The bracelet was of that past, pre-Stratification, its unusual metal shaped into a pattern reminiscent of water and stone. It had been a gift from Kurr di Sarc. Morgan found himself staring at it. “Did your brother believe Mirim’s version?”
“No.” Barac’s shrug was bitter. “But he’d take her his latest box of discoveries. They’d spend hours poring over them, hours I’d be stuck with you and that deck of cards.” His ever-charming smile was false. “I still say you cheated.”
“I still say you’re a poor loser.” Interesting. To hear Jacqui, Jarad di Sarc was the Clan’s foremost expert on their past, yet Kurr had sought out Mirim. “Sira wouldn’t waste time on a fruitless hunt,” Morgan said more briskly. “You should trust her.”
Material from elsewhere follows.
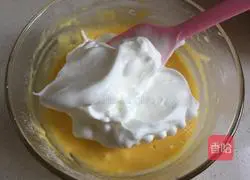 Illustration of how to make orange cake roll 11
Barac’s smile turned real, yet unutterably sad. “I do. It’s the rest of universe that worries me.”
“Don’t flatter yourself.” Tools secured, at least for the moment, the Human sat on a crate and stretched. “Most of the universe could care less.”
“As most Clan are innocent,” Barac countered. “I’m not.”
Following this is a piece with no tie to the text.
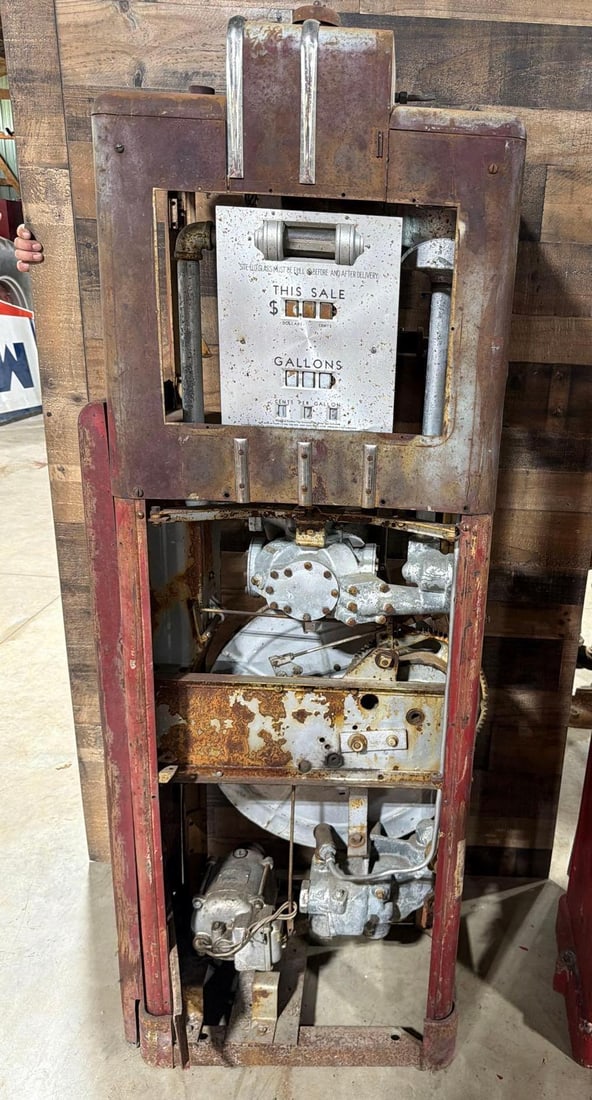 Bennett Model 155? Computing Gas Pump - 6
So Sira wasn’t the only one racked by guilt. The Human pushed a second crate away from the wall. “You didn’t come to keep me company.”
“No.” The Clansman accepted the invitation and sat. He bent forward, elbows on his knees, and spoke to the floor. “Ruti isn’t speaking to me.”
A crowded ship wasn’t the ideal place for the young lovers to find themselves. Morgan hid a smile. “What is it this time?”
“When I tell her what I’ve done, she’s happy. She refuses to listen when I try to explain my—my regrets. It upsets her.”
Being of lawless, independent Acranam, Morgan judged, wouldn’t help Ruti’s understanding. Nor would— “She’s grieving and afraid, Barac. Right now, I think she needs to be proud of you.”
“Proud?” Startled, the Clansman’s face showed all his pain. “You know what I was. What I did. Finding telepaths like you. Manipulating their minds—erasing them if necessary. If not for Sira and her treaty, I’d be doing it now.” A suddenly awkward feel between them. “And you’d be hunting us.”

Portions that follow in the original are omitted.